AGI - L'Istat certifica la prosecuzione della fase di ripresa dell'economia italiana dopo il crollo di marzo, aprile e maggio causato dallo stop delle attività per il coronavirus. Che ci fossero segnali di risveglio, l'istituto di statistica lo aveva detto anche ieri in riferimento al mercato del lavoro.
"Le informazioni disponibili per i mesi di luglio e agosto, seppure ancora parziali, suggeriscono il proseguimento della fase di ripresa", ha affermato nel corso dell'audizione in Commissione Bilancio della Camera sul Recovery Fund, Roberto Monducci, direttore del Dipartimento per la produzione statistica aggiungendo tuttavia che tra i punti deboli del sistema economico italiano c'è la produttività sul lavoro e gli investimenti.
"Il clima di fiducia delle imprese - ha proseguito Monducci - è aumentato in entrambi i mesi in tutti i settori economici anche se i livelli degli indicatori sono ancora inferiori a quelli precedenti la crisi, soprattutto nei servizi di mercato. Ulteriori segnali positivi si rilevano a luglio quando, rispetto al mese precedente, si osservano aumenti nei dati dei consumi elettrici e della fatturazione elettronica".

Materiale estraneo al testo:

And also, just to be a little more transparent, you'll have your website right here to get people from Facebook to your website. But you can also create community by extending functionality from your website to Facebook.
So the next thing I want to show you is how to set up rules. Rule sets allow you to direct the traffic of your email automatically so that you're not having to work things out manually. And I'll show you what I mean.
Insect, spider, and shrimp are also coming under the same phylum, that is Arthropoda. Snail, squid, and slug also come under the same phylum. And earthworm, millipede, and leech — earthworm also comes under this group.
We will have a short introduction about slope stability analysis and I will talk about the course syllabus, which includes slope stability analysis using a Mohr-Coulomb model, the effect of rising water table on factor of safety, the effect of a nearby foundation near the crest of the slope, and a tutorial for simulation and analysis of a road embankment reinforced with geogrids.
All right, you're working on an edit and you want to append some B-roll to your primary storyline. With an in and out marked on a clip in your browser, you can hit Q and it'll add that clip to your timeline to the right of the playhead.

A luglio, inoltre, stime preliminari sui flussi commerciali con i paesi extra-Ue indicano la prosecuzione della fase di risalita delle vendite all’estero, con un dimezzamento del calo tendenziale dell’export osservato a giugno. "Il livello di produzione industriale registrato a giugno, seppure ancora inferiore del 12,8% rispetto a febbraio, determinerebbe una crescita media del terzo trimestre rispetto al secondo del 16,4%, nell’ipotesi che l’indice restasse invariato nei mesi estivi. Il passaggio da un rimbalzo alla ripresa richiede tuttavia il mantenimento di un sentiero di crescita della produzione industriale positivo anche nei mesi estivi, seppure a tassi mensili più moderati di quelli dei due mesi precedenti", evidenzia il Direttore del dipartimento per la produzione statistica dell'Istat.
I fattori negativi, produttività e investimenti
La produttività del lavoro e gli investimenti sono invece tra le criticità del sistema italiano. Sulla prima questione Monducci ha sottolineato che "l’evoluzione del sistema produttivo italiano è caratterizzata da una fase prolungata di bassa crescita della produttività, con conseguenze rilevanti sugli attuali livelli di sviluppo economico e sulle prospettive future".

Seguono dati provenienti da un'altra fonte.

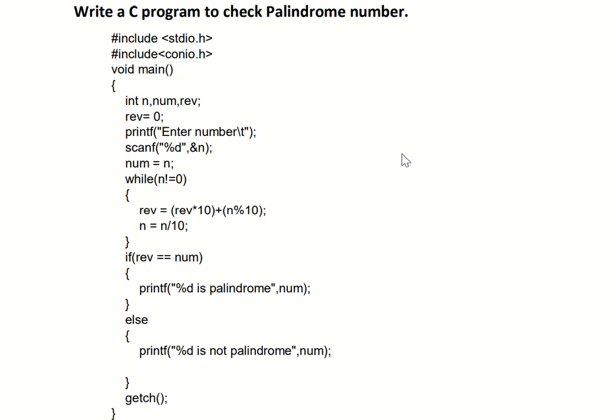Hello everyone. Today's topic is to write a C program to check whether the given number — or you can say the entered number — is a palindrome number or not. Before we go ahead with the C program part, let me tell you properly what is the exact meaning of palindrome.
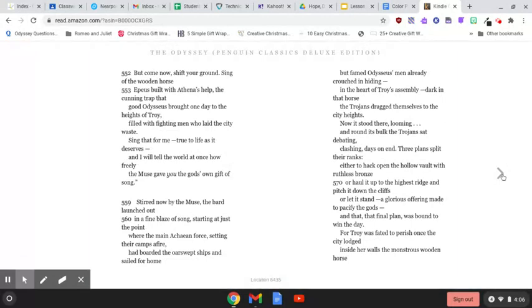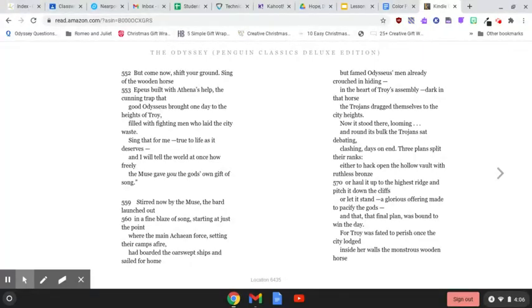But come now, shift your ground. Sing of the wooden horse, Epius built with Athena's help, the cunning trap that good Odysseus brought one day to the heights of Troy, filled with fighting men who laid the city waste.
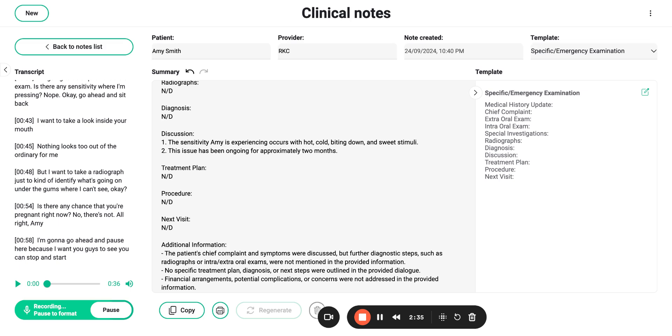I'll need to remove all that decay, make sure everything is cleaned out. I'll put that tooth colored filling in. We'll check your bite. Probably going to get you numb. It'll be a quick 40-minute appointment. Is that something that you would want to do today?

"Sebbene la fase di bassa produttività italiana si estenda a partire dagli anni novanta, dalla crisi del 2009 ad oggi il divario di crescita della produttività italiana rispetto ai principali paesi europei, misurato dal valore del Pil per ora lavorata, si è ulteriormente ampliato. Nel 2019, la produttività del lavoro italiana ha registrato un incremento pari a 1,2 punti percentuali rispetto al valore del 2010, a fronte di un incremento medio di circa 8 punti percentuali di Germania, Francia e Spagna", ha evidenziato.
Per quanto riguarda invece la spesa per investimenti "ha presentato nel corso dell’ultimo decennio uno sviluppo poco favorevole con un andamento, grosso modo, analogo a quello generale dell’attività economica. Dopo essersi fortemente ridotti per effetto della crisi nel biennio 2008-09, gli investimenti hanno segnato una nuova profonda caduta nella successiva recessione e la risalita degli anni seguenti è stata lenta, con un recupero complessivo meno ampio di quello registrato nel resto dell’Uem".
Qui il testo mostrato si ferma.